Since the 1970s, Lafcadio would appear to be, for the scant few trying to find it, a lost film. In May 1976, Grove Press returned its 16mm prints of Lafcadio and Elisabeth to the filmmaker’s home in Paris; it cited “very little or no activity” in rentals as reason. No archive of Béranger’s work appears to exist in France. What salvaged Lafcadio from the fate of so many other lost amateur and avant-garde films? The process took a long while, but it started in the early 1980s, when Vogel donated his Cinema 16 papers and film prints to the Wisconsin Center for Film and Theater Research (WCFTR). Much of this material sat unprocessed for decades, until 2023, when the WCFTR received a $100K grant from the National Historical Publications and Records Commission. This grant facilitated the processing of four collections related to independent American film culture, Vogel’s Cinema 16 films and manuscripts being one of them. During processing, project archivist Matt St. John discovered two 16mm internegative prints related to Béranger, which were then digitized in August 2024. One of these prints is an incomplete version of Elisabeth, while the other, though in imperfect condition, contains Lafcadio in full.

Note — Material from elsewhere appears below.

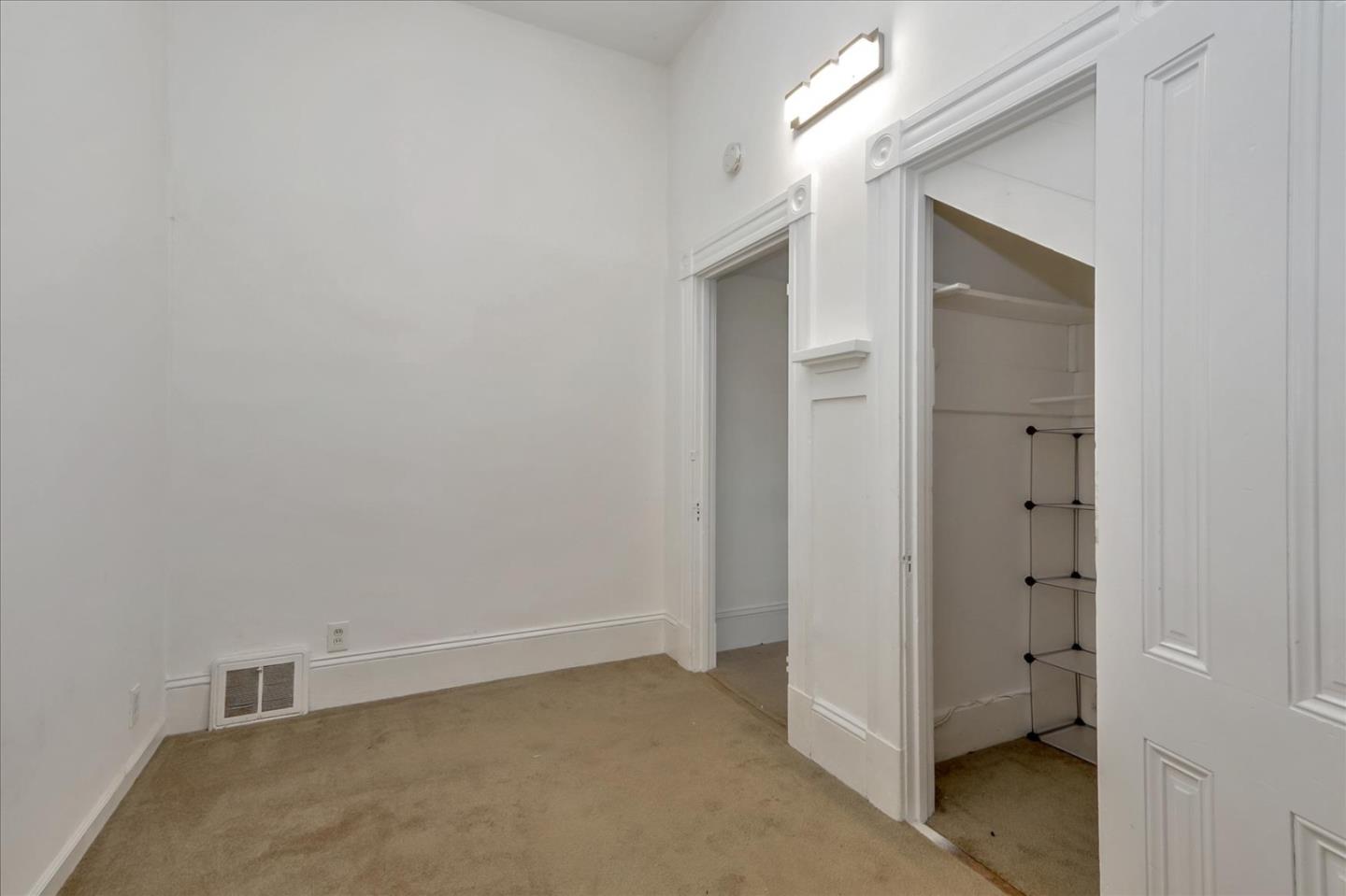 Detail Gallery Image 35 of 66 For 627 S 3rd St, San Jose,  CA 95112 - 9 Beds | 3/1 Baths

It is now 2025, and the UW-Cinematheque is about to publicly screen Lafcadio (via digitized file) for the first time in a half century. Why should you care? I will make no bold claims that this film will change your life or rewrite film history as we know it. But it is a well-made, compelling, and quite poignant film, as evidenced during its (spoiler alert) climactic suicide attempt. This scene, shot in stark chiaroscuro, reveals an earlier scene (at the two-minute mark) to be a flashback, proving our dear friend, the late David Bordwell, right again regarding how much 1940s filmmakers embraced storytelling techniques of fragmentation. This suicidal act is unambiguously spurred by the protagonist’s torment over his homosexuality. Lafcadio’s frank depiction of gay (and bi) sexuality is its most remarkable quality today, and as such it deserves a place in the histories of postwar queer avant-garde cinema, as a French analogue of sorts to Kenneth Anger’s Fireworks (1947) or Gregory Markopoulos’s Christmas U.S.A. (1949).
Amos Vogel—a prototypical “ally” if there ever was one—immediately recognized Lafcadio’s sensitive treatment of homosexuality. Vogel’s 1951 blurb, which doubles as a plot synopsis, plainly captures his conviction:
The commercial motion picture, hampered by the production code, financial considerations and the necessities of a mass market, has never been able to deal with some of the very real emotional problems of human beings. With sincerity and an enthusiasm unmarred by too much experience, Jean Beranger rushed in where angels feared to tread. Lafcadio, the son of a well-to-do family in the province, comes to Paris to study. In the boarding house, he slowly discovers that his feelings for his roommate are something more than mere friendship. At the same time, he is neither interested in girls at school nor in the prostitute whom he follows but finally decides not to approach. Afraid of his feelings, frustrated by his puritanical upbringing, he attempts suicide. When it fails, he returns home, leaving behind the girl and the boy; but we know that this “escape” is no solution.
In his correspondence with Vogel, Béranger made no bones about his intentions. One letter of his opens: “Why do the movies, at present the most potent means of expression, maintain a conspiracy of silence concerning homosexuality? Why do they always proclaim that boys meet girls and deny that very often boys meet boys?” He proceeds to champion both the 16mm format, as the sole available means to represent queer desire, and Anger’s Fireworks, which he only saw after completing his own film. “[Fireworks] is a film that leaves you breathless: it undoubtedly goes much further than Lafcadio,” Béranger concedes. However much truth this sentiment holds, it takes nothing away from the tragic clarity of Béranger’s vision, or from the fortuitous occasion to view it once again.